**TASK GOAL:**
Make an exact copy of the records, and keep the pictures out of it.

Start of WORKING DATA

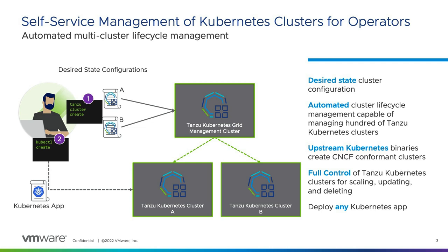They also consume network and storage resources for the Kubernetes cluster. Using a declarative model, workload cluster specs will be applied to the management cluster. That defines what the cluster looks like, such as how many controller or worker nodes should be in the workload cluster. This is shown with the number one in purple on the slide.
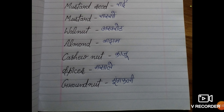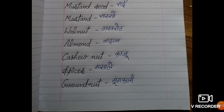Walnut. It means akhrot. Almond. A-L-M-O-N-D. Almond. It means badam. Cashew nut. C-A-S-H-E-W, cashew. N-U-T, nut. Cashew nut. It means kaju. Spices. S-P-I-C-E-S. Spices. It means masala.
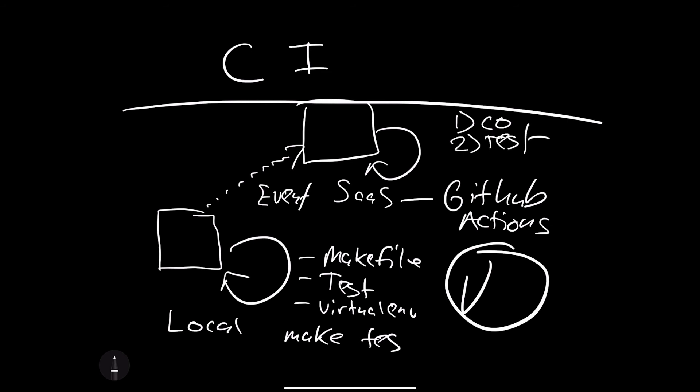So really, it's a way of replicating what happens locally to the SaaS build server that's in the cloud. In a nutshell, all continuous integration is a way of doing the things that you're manually doing over and over again in a repeatable fashion.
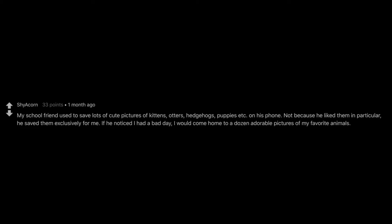My school friend used to save lots of cute pictures of kittens, otters, hedgehogs, puppies etc. on his phone. Not because he liked them in particular. He saved them exclusively for me. If he noticed I had a bad day, I would come home to a dozen adorable pictures of my favorite animals. I have cried more than once because of how incredibly sweet that is.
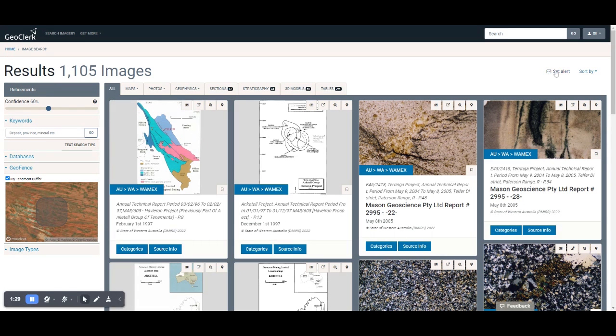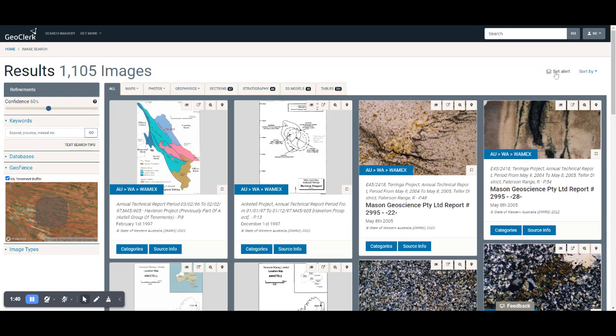Then all we do is click on the Set Alert over here. That will basically set an alert for whatever search is within the window at that current time. So I set alert.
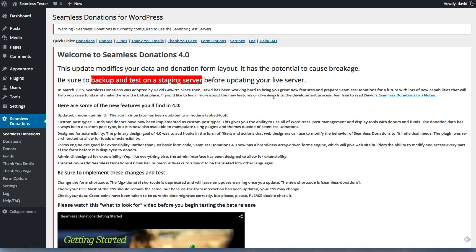A few things will change as you move from the 3.3 version to the 4.0 version. There are a number of features that have changed and new features as well. There's a much more modern UI, which you'll see in a few minutes. There are custom post types for funds, donors, and donations.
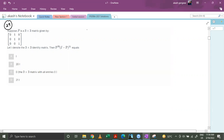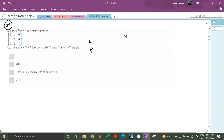Let's look at question number 29. Suppose P is a 3x3 matrix given by this, and let I denote the 3x3 identity matrix. Then P raised to power 20 into (I minus P) raised to power 21 equals what? This is a very standard calculation-based question. We try to start with P squared and (I minus P) squared to see if this equals P, and then proceed forward. Let's try and solve it.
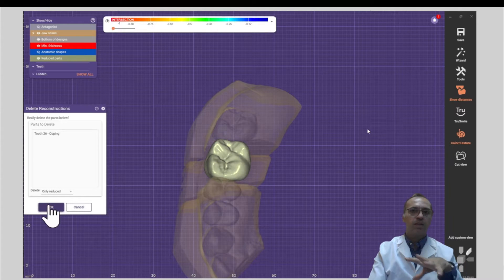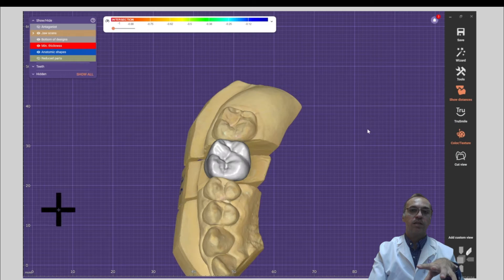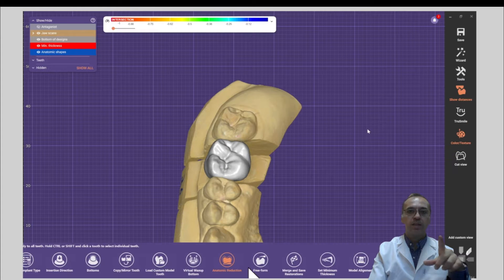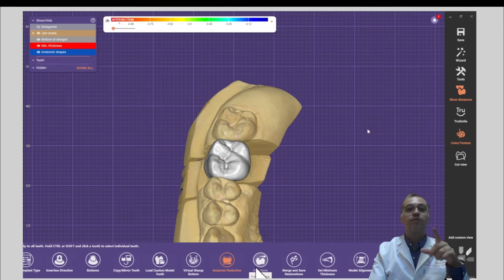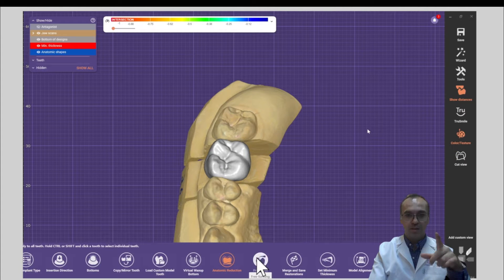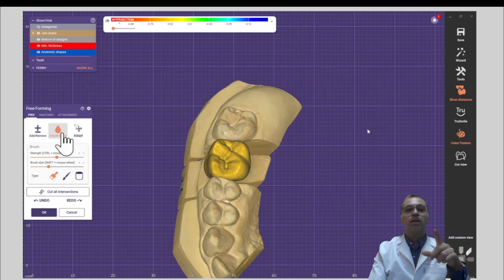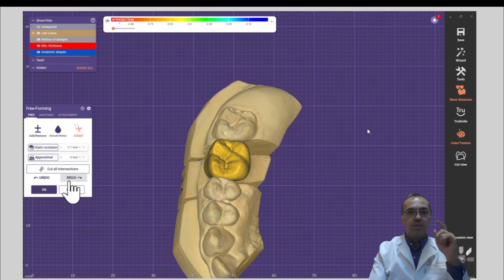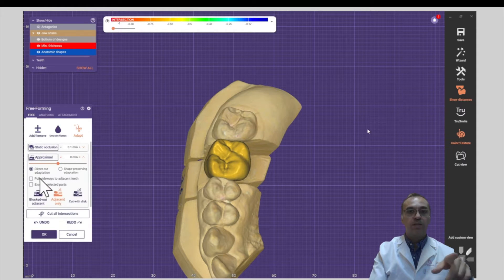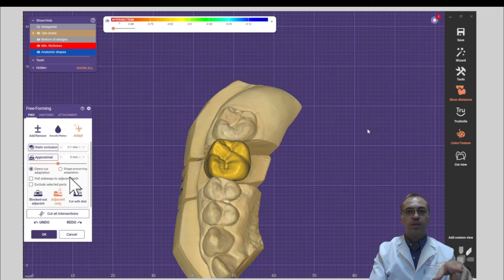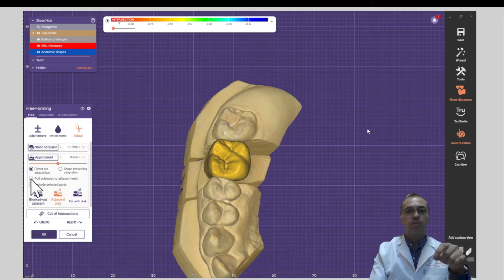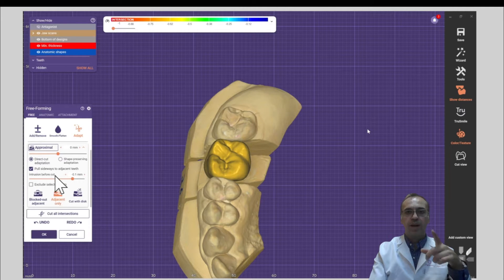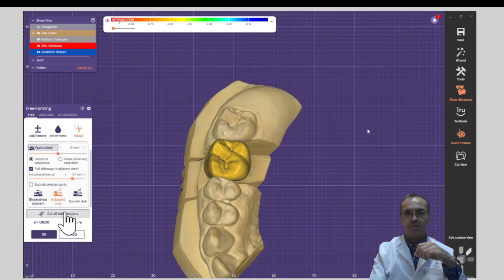First of all, I delete the reduced part and then I'm going for freeform. Now I'm going to adopt an approximal. Open it, tick this, pull the sizes to adjacent. And look, the magic happens.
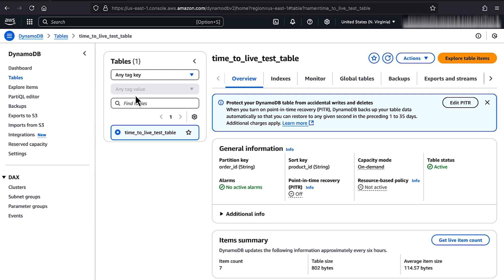On the Table Details page, under Additional Settings, choose Turn On for the Time to Live or TTL setting.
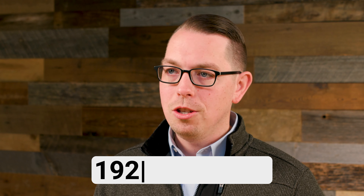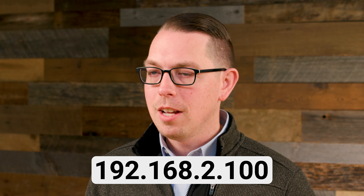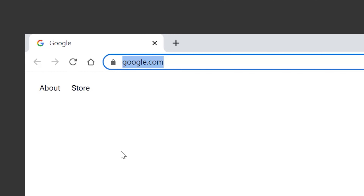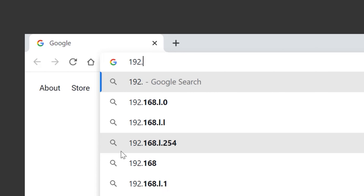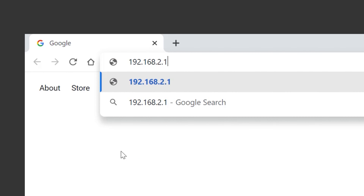In network settings, we'll give our computer the IP address of 192.168.2.100. Now we'll open our browser and type in the IP address 192.168.2.1 and hit enter. We'll log in using our KMC Commander credentials.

End of WORKING DATA

**TASK OUTPUT:**
They also consume network and storage resources for the Kubernetes cluster. Using a declarative model, workload cluster specs will be applied to the management cluster. That defines what the cluster looks like, such as how many controller or worker nodes should be in the workload cluster. This is shown with the number one in purple on the slide.
Walnut. It means akhrot. Almond. A-L-M-O-N-D. Almond. It means badam. Cashew nut. C-A-S-H-E-W, cashew. N-U-T, nut. Cashew nut. It means kaju. Spices. S-P-I-C-E-S. Spices. It means masala.
So really, it's a way of replicating what happens locally to the SaaS build server that's in the cloud. In a nutshell, all continuous integration is a way of doing the things that you're manually doing over and over again in a repeatable fashion.
My school friend used to save lots of cute pictures of kittens, otters, hedgehogs, puppies etc. on his phone. Not because he liked them in particular. He saved them exclusively for me. If he noticed I had a bad day, I would come home to a dozen adorable pictures of my favorite animals. I have cried more than once because of how incredibly sweet that is.
Then all we do is click on the Set Alert over here. That will basically set an alert for whatever search is within the window at that current time. So I set alert.
A few things will change as you move from the 3.3 version to the 4.0 version. There are a number of features that have changed and new features as well. There's a much more modern UI, which you'll see in a few minutes. There are custom post types for funds, donors, and donations.
Let's look at question number 29. Suppose P is a 3x3 matrix given by this, and let I denote the 3x3 identity matrix. Then P raised to power 20 into (I minus P) raised to power 21 equals what? This is a very standard calculation-based question. We try to start with P squared and (I minus P) squared to see if this equals P, and then proceed forward. Let's try and solve it.
First of all, I delete the reduced part and then I'm going for freeform. Now I'm going to adopt an approximal. Open it, tick this, pull the sizes to adjacent. And look, the magic happens.
On the Table Details page, under Additional Settings, choose Turn On for the Time to Live or TTL setting.
In network settings, we'll give our computer the IP address of 192.168.2.100. Now we'll open our browser and type in the IP address 192.168.2.1 and hit enter. We'll log in using our KMC Commander credentials.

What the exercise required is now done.